Travis is CI for testing: every time there is a pull request, Travis pulls down the code, runs the full test suite (I believe you can even specify multiple versions of Ruby and maybe even gem versions if you want to test compatibility!!), and reports the result on the GitHub pull request. Now, we no longer have to worry about pulling the code down locally and running the test suite ourselves before we merge code: Travis takes care of that for us.

These are both awesome, awesome tools that can save Rubyists tons of time and make our code better. What’s better, they are super easy to set up, and free for open source projects!

Try them out!

Know your industry

I just finished reading Michael Lewis’ new book, Flash Boys. It was a great book (like everything else by Michael Lewis)!

Flash Boys is about high frequency trading (HFT) in financial markets. It has fascinating stories of many different involved parties: from people laying down ultra-straight fiber-optic cables in response to demand for the fastest New York/Chicago internet connection, to a gifted programmer who goes to prison for cloning a Goldman Sachs SVN repository, to a Candian banker who starts his own, fairer stock exchange.

There are so many themes in this book that are important for programmers to consider. One is the need to understand what your code is for. It sounds so simple, so obvious; borderline ridiculous. But in large organizations, there can be many layers of separation between the people who understand the “big picture” — how the business is going to make money — and the people writing the code to make that vision a reality. Consider this excerpt:

[The tech guy responsible for making the bank’s computers run faster] was also keenly aware that he had only the faintest idea of the reason for this incredible new lust for speed.

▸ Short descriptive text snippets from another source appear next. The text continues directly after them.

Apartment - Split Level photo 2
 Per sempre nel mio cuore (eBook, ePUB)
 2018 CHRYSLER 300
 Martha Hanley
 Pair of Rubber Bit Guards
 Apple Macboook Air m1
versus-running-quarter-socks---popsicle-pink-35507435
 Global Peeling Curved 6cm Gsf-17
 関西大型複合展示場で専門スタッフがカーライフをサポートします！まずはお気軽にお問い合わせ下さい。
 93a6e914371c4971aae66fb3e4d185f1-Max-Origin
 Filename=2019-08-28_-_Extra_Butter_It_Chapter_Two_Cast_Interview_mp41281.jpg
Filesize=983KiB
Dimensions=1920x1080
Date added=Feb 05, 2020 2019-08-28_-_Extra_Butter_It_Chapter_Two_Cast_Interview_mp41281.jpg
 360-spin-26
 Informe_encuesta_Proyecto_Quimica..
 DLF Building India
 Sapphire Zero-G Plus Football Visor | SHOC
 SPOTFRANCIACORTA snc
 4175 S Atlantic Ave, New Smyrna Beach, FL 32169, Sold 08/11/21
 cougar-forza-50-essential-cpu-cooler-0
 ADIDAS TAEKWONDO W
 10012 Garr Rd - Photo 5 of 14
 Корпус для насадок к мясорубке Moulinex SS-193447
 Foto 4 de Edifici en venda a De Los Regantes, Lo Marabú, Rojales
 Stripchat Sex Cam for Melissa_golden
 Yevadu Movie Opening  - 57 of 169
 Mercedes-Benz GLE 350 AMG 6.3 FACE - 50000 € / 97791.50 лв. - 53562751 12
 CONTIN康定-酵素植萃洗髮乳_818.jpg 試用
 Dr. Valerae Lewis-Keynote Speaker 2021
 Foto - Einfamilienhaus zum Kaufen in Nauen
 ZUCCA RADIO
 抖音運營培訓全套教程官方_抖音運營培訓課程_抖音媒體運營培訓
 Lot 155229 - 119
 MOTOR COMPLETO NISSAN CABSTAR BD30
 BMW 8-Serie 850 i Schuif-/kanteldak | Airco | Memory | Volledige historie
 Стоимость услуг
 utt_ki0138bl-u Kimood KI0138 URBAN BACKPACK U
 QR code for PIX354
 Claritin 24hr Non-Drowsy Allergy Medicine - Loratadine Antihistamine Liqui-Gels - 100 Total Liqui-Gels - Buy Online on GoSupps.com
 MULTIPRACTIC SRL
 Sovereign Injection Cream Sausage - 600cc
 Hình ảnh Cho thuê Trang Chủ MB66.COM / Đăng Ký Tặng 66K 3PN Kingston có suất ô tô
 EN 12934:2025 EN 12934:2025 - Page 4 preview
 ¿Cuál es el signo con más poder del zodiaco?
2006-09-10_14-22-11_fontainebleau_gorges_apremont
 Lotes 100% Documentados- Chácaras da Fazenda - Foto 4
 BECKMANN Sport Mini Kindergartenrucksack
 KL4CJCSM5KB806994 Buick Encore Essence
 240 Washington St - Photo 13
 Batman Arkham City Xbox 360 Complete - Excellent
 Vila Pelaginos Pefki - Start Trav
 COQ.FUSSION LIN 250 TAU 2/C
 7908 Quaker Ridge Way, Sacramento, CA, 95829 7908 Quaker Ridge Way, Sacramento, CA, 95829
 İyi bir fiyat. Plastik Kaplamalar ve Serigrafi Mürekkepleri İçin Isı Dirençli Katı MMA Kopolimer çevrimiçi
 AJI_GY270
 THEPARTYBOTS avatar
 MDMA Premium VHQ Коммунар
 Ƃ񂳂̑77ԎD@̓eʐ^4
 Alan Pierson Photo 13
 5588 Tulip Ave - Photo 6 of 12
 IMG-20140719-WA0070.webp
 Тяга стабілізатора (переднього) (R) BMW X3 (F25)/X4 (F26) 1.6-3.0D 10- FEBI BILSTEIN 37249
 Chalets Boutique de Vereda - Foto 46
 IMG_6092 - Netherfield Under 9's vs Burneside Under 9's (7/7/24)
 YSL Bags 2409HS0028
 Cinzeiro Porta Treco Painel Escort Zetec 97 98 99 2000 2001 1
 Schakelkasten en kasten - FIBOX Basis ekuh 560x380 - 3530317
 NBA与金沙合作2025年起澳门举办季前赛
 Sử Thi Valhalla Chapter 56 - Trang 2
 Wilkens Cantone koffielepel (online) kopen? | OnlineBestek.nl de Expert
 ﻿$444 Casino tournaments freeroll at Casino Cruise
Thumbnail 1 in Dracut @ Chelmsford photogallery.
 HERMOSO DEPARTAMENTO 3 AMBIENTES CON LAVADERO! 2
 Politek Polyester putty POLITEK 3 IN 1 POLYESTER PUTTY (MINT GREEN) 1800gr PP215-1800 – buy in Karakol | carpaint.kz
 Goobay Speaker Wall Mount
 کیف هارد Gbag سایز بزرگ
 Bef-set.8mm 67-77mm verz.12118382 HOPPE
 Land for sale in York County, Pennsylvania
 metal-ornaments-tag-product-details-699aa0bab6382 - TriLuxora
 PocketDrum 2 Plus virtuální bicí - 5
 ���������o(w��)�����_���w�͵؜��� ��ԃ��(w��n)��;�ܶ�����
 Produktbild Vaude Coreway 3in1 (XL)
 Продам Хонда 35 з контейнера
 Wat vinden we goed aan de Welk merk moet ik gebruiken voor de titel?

He heard a lot of loose talk about “arbitrage”, but what, exactly was being arbitraged, and why did it need to be done so fast? […] Towards the end I’m like, ‘Excuse me sirs, but what are you doing in the bank?’

Note that “what are you doing in the bank?” was asked towards the end, and not towards the beginning!

HFT may be a special case, but when programmers understand the overall vision of the company they work for, it is a huge win for everybody. So here is a challenge to all my readers: the next time you are asked to implement a feature, go and spend a few days doing the job of whoever in your company is going to end up actually using the feature. Get to know them personally. Get to know the job. Understand how the feature will fit in to those people’s workflows. See if you can think of alternatives that would be even better.

Know your industry. Know your company. Understand the business. Understand the “why”. It’s not only more efficient, it’s more fun. And that’s as good a reason as any to give it a try!

Making junk into treasure

At the Steel City Ruby 2014 conference, Franklin Weber gave a talk called Utils is a Junk Drawer.  It was great!

He pointed out that in despite of trying to adhere to the DRY principle, and liking sharing our code with others, many projects have a “junk drawer” where general utility code that is unrelated to the project’s own business logic goes.

Often, this same code gets copy-pasted between many projects, or multiple people spend time developing the same utilities separately.

For instance, here is some utility code from a personal project of mine:

    # in config/initializers/date_time_formats.rb
    Date::DATE_FORMATS.merge!({
      :month => "%Y-%m";
    })

On his advice, I made this into a small gem called year_month, and published it.  I used this tutorial on making your own gem. One great thing about this tutorial was that you create all the files by hand — no code generators — which makes it easier to understand the minimal necessary structure for gems.